C’est un bilan d’étape plutôt favorable qu’a présenté ce mardi le comité de suivi et d’ évaluation des mesures de soutien aux entreprises. Présidé par l’ancien banquier central Benoît Coeuré, il examine l’utilisation des milliards déversés par l’Etat depuis mars 2020 au travers de quatre dispositifs : l’activité partielle, le report de charges et cotisations sociales, le fonds de solidarité et les prêts garantis par l’Etat (PGE).

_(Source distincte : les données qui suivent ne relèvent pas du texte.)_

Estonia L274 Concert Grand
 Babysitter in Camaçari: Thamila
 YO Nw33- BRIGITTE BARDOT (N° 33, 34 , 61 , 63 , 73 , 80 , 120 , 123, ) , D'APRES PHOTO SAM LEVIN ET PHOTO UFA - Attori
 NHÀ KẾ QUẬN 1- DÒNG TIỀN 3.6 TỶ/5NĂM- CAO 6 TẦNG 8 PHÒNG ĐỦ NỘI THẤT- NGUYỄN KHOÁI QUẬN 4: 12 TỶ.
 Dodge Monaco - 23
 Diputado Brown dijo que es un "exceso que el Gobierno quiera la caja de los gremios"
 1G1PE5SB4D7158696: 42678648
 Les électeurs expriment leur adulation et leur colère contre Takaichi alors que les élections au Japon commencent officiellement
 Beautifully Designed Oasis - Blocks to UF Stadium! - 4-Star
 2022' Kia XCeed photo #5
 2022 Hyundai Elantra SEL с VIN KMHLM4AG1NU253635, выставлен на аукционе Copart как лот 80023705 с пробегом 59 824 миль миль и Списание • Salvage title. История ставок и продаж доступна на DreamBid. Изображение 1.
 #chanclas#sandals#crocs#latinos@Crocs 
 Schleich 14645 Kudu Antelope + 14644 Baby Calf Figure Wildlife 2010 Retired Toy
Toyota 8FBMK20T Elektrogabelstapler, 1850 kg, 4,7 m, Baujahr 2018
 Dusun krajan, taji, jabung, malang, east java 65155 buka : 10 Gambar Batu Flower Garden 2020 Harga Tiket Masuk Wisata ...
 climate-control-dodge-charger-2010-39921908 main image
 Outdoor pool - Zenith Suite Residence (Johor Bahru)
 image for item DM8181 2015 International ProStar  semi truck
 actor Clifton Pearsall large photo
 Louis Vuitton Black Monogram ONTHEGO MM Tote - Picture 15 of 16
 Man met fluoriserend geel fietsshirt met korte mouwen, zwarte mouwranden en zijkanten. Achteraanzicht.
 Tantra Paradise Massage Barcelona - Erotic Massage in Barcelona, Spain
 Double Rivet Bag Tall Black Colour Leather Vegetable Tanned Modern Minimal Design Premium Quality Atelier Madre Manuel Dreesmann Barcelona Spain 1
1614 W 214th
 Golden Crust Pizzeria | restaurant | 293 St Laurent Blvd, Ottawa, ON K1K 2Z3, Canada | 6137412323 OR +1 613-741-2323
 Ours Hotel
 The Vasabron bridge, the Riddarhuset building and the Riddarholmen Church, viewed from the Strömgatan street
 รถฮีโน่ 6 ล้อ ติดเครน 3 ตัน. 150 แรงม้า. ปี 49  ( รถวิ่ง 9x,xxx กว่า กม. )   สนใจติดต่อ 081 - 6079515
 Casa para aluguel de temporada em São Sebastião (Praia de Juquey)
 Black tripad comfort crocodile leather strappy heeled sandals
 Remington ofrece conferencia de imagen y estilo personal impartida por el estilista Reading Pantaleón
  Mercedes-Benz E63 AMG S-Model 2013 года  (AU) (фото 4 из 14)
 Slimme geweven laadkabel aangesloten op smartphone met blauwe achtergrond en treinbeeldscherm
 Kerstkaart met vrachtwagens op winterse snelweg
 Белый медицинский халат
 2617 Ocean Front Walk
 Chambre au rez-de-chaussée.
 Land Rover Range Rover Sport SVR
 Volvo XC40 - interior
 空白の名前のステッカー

Principal enseignement : les dispositifs de soutien n’ont pas créé d’effet d’aubaine. Alors que la Cour des comptes a récemment alerté sur le risque d’un cumul des aides permettant aux sociétés de toucher plus que le coût de leur préjudice, il apparaît que les entreprises ne se sont pas ruées vers tous les dispositifs accessibles. Ainsi, seulement 3 % des PME ont eu recours aux quatre dispositifs, tandis que 21 % des entreprises ont cumulé report des charges et activité partielle.
Non-recours aux aides
« L’intensité du recours décroît avec la taille des entreprises, le recours à plusieurs dispositifs n’a pas été systématique et le non-recours semble en première analyse largement volontaire », pointe le comité. Il ressort de l’étude que 10 % des salariés en France travaillent dans une entreprise qui n’a eu recours à aucune aide. Celles qui se sont abstenues sont, pour les deux tiers, des sociétés dans une situation assez favorable (chiffre d’affaires, rentabilité, trésorerie).
Le secteur hébergement-restauration se distingue toutefois : seulement la moitié du non-recours peut être identifiée comme « volontaire ». Les entreprises « zombies », qui ont du mal à couvrir leurs charges financières, et les défaillantes y représentent respectivement 7 % et 10 % du non-recours.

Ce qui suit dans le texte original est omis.